Isabelle, en dépit du chagrin que lui causait son aventure, se sentait une faim qu’elle se reprochait, comme si jamais la nature perdait ses droits ; mais l’idée que ces mets renfermaient peut-être quelque narcotique qui la livrerait sans défense aux entreprises l’arrêta, et elle repoussa l’assiette où déjà elle avait plongé sa cuiller.

Le laquais en livrée grise parut deviner cette appréhension, et il fit devant Isabelle l’essai du vin, de l’eau et de tous les mets placés sur la table. La prisonnière, un peu rassurée, but une gorgée de bouillon, mangea une bouchée de pain, suça l’aile d’un poulet et, ce léger repas achevé, comme les émotions de la journée lui avaient donné un mouvement de fièvre, elle approcha son fauteuil du feu et resta ainsi quelque temps, le coude sur le bras de son siège, le menton dans la main, et l’esprit perdu en une vague et douloureuse rêverie.

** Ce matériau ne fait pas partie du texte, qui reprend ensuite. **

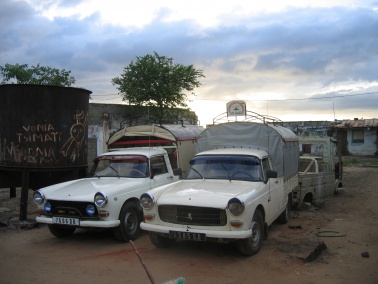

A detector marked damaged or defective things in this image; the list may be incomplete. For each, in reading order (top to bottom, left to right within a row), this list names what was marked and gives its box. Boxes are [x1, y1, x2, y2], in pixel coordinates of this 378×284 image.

rusty water tank [0, 84, 91, 190]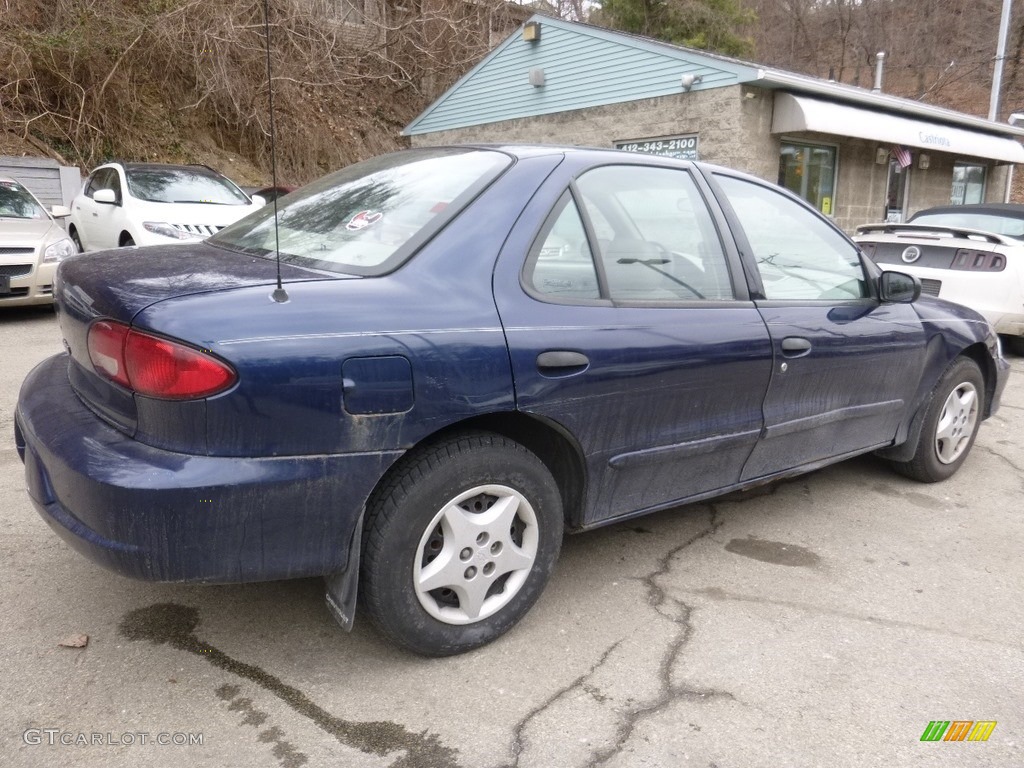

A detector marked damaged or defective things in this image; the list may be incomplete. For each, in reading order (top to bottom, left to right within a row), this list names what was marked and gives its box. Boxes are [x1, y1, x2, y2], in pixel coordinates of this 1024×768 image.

crack in pavement [497, 505, 733, 768]
crack in pavement [679, 585, 1024, 651]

Elle se leva ensuite et s’approcha de la fenêtre pour voir quel horizon l’on en découvrait. Il n’y avait aucune grille ou barreau, ni rien qui rappelât une prison. Mais en se penchant elle vit, au pied de la muraille, l’eau stagnante et verdie d’un fossé profond qui entourait le château. Le pont-levis sur lequel avait passé le carrosse était ramené, et à moins de franchir le fossé à la nage, tout moyen de communication avec l’extérieur était impossible. Encore eût-il été bien difficile de remonter à pic le revêtement en pierre de la douve. Quant à l’horizon, une sorte de boulevard, formé d’arbres séculaires plantés autour du manoir, l’interceptait complètement. Des fenêtres on n’apercevait que leurs branches entrelacées qui, même dépouillées de feuilles, obstruaient la perspective. Il fallait renoncer à tout espoir de fuite ou de délivrance, et attendre l’événement avec cette inquiétude nerveuse pire peut-être que la catastrophe la plus terrible.

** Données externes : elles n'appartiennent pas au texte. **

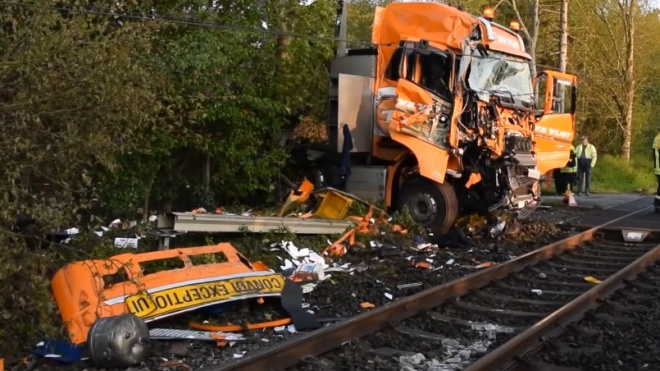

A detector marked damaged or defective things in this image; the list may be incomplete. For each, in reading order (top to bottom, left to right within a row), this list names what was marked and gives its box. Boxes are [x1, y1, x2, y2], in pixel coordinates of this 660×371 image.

crushed truck cab [312, 1, 576, 238]
wrecked orange truck [312, 2, 576, 238]
shattered windshield [466, 50, 532, 103]
crushed truck cab [48, 244, 282, 346]
wrecked orange truck [52, 244, 284, 346]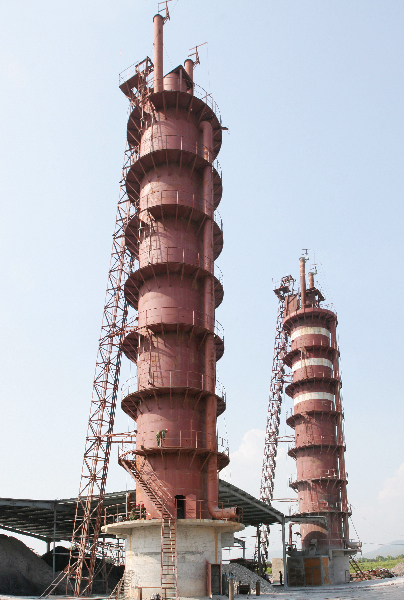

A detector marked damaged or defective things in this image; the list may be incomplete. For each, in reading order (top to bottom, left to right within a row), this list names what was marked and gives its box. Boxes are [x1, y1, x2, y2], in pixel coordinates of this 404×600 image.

rusty metal structure [284, 258, 350, 552]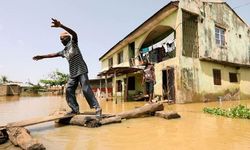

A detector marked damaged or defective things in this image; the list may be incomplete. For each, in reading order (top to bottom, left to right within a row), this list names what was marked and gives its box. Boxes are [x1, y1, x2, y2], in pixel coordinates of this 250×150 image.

damaged building [97, 0, 250, 103]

Aussi la pauvre Isabelle tressaillait-elle au plus léger bruit. Le murmure de l’eau, un soupir du vent, un craquement de la boiserie, une crépitation du feu lui faisaient perler dans le dos des sueurs froides. À chaque instant elle s’attendait à ce qu’une porte s’ouvrît, à ce qu’un panneau se déplaçât, trahissant un corridor secret, et que de ce cadre sombre il sortît quelqu’un, homme ou fantôme. Peut-être même le spectre l’eût-il moins effrayée. Avec le crépuscule qui allait s’assombrissant ses terreurs augmentaient ; un grand laquais entra apportant un flambeau chargé de bougies, elle faillit s’évanouir.

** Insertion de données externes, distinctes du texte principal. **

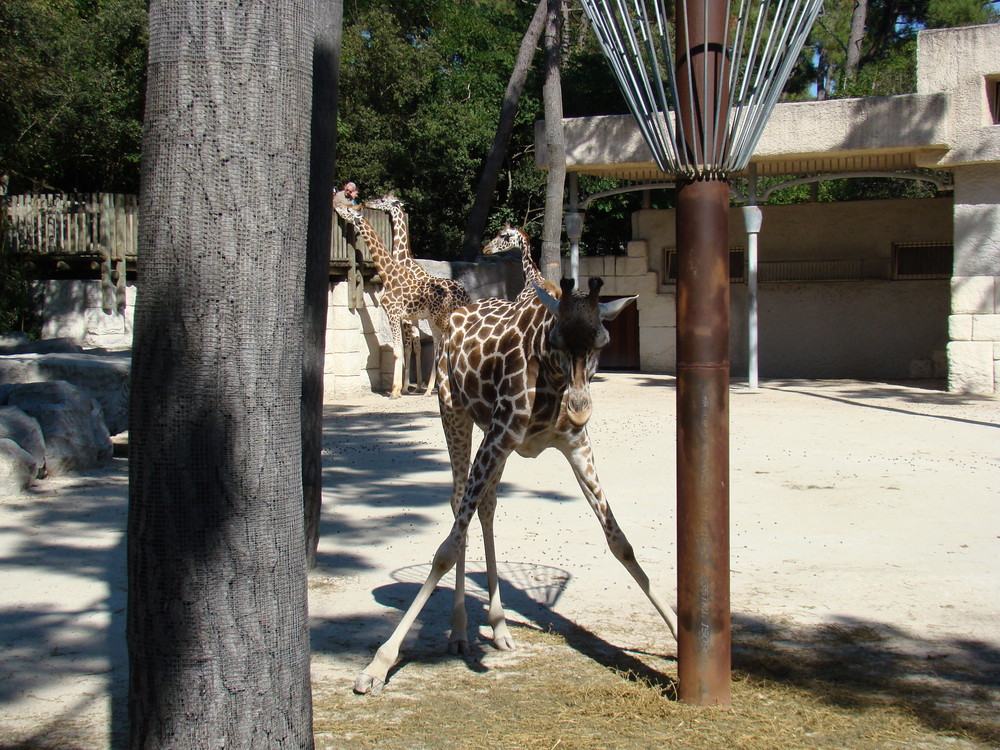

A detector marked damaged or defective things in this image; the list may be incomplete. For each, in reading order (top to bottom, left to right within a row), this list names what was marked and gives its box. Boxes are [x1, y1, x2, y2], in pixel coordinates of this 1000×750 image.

rusty metal pole [672, 0, 736, 712]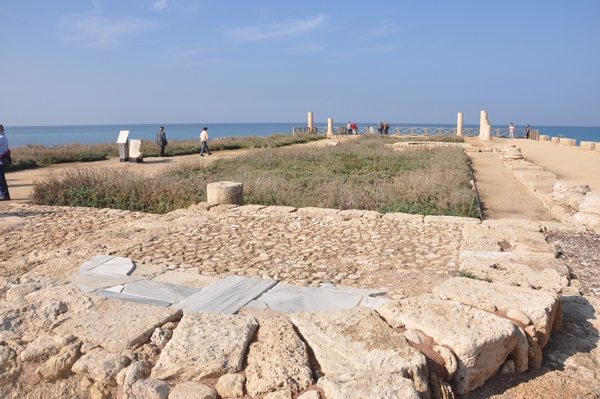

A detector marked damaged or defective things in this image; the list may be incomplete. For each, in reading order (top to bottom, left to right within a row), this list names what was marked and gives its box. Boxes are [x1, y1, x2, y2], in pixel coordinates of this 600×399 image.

broken marble slab [71, 272, 142, 294]
broken marble slab [172, 276, 278, 316]
broken marble slab [256, 284, 360, 316]
broken marble slab [54, 298, 182, 352]
broken marble slab [151, 312, 256, 382]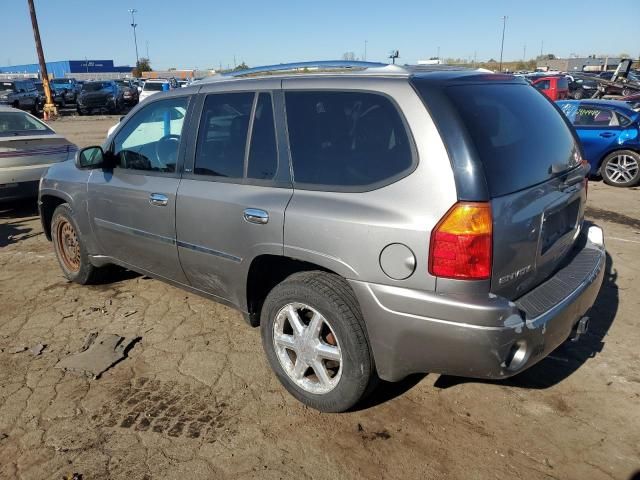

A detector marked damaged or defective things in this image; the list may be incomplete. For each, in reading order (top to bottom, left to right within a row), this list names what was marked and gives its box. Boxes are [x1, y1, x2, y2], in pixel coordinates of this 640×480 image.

damaged rear bumper [350, 225, 604, 382]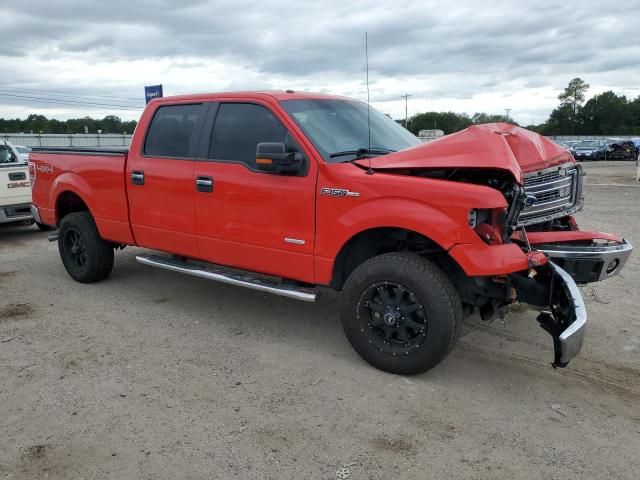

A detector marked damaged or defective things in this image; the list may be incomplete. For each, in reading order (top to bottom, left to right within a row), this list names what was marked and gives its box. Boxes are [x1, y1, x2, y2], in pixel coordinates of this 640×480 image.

crumpled hood [356, 123, 576, 183]
damaged front end [510, 260, 584, 366]
broken bumper [536, 260, 588, 366]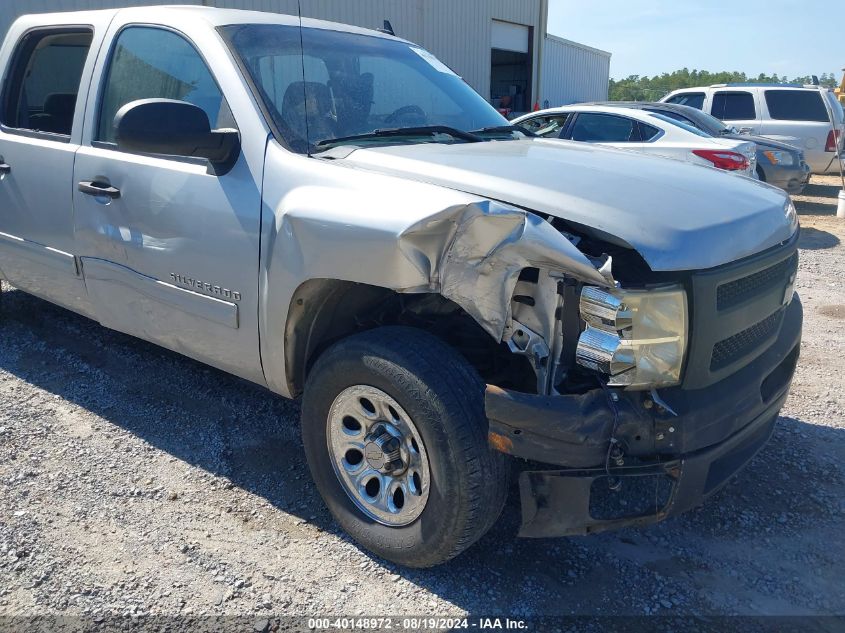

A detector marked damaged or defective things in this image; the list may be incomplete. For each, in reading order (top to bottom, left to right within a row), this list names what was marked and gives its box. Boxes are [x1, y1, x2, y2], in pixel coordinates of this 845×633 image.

crumpled sheet metal [400, 201, 608, 340]
broken headlight lens [572, 284, 684, 388]
damaged bumper cover [484, 294, 800, 536]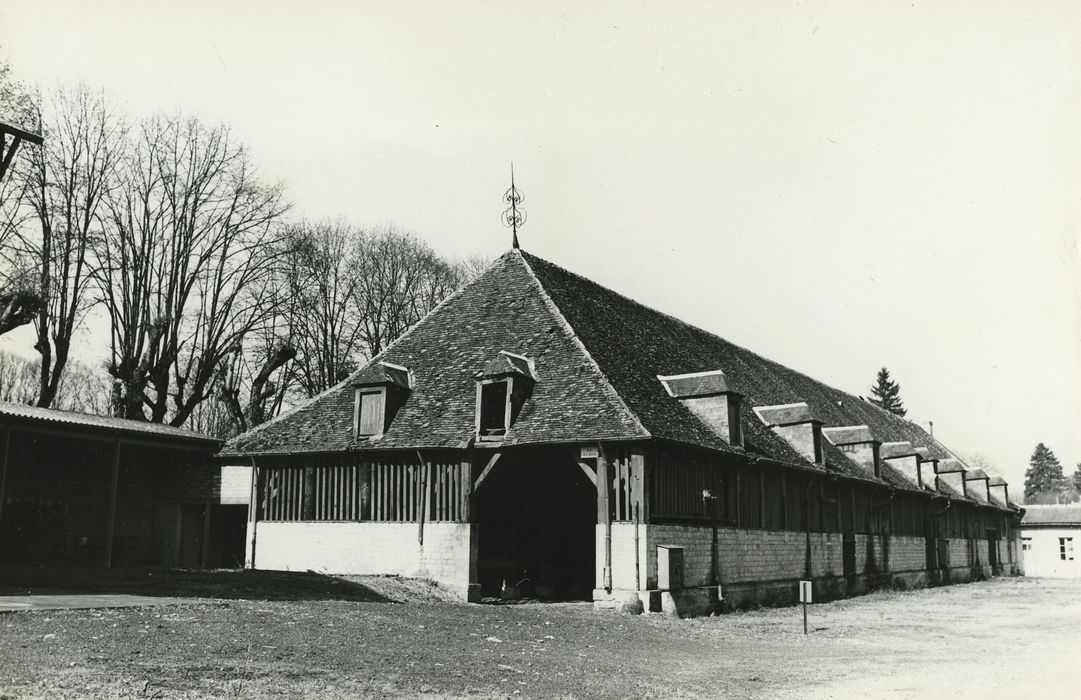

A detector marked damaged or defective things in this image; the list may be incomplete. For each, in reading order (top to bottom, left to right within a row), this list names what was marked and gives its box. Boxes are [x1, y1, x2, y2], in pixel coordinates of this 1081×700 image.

broken dormer window [474, 350, 536, 442]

Tandis qu’Isabelle tremblait de frayeur dans son appartement solitaire, ses ravisseurs, en une salle basse, faisaient carousse et chère lie, car ils devaient rester au château comme une sorte de garnison, en cas d’attaque de la part de Sigognac. Ils buvaient tous comme des éponges, mais un d’eux surtout déployait une remarquable puissance d’ingurgitation. C’était l’homme qui avait emporté Isabelle en travers de son cheval, et comme il avait déposé son masque, il était loisible à chacun de contempler sa face blême comme un fromage où flambait un nez chauffé au rouge. À ce nez couleur de guigne, on a reconnu Malartic, l’ami de Lampourde.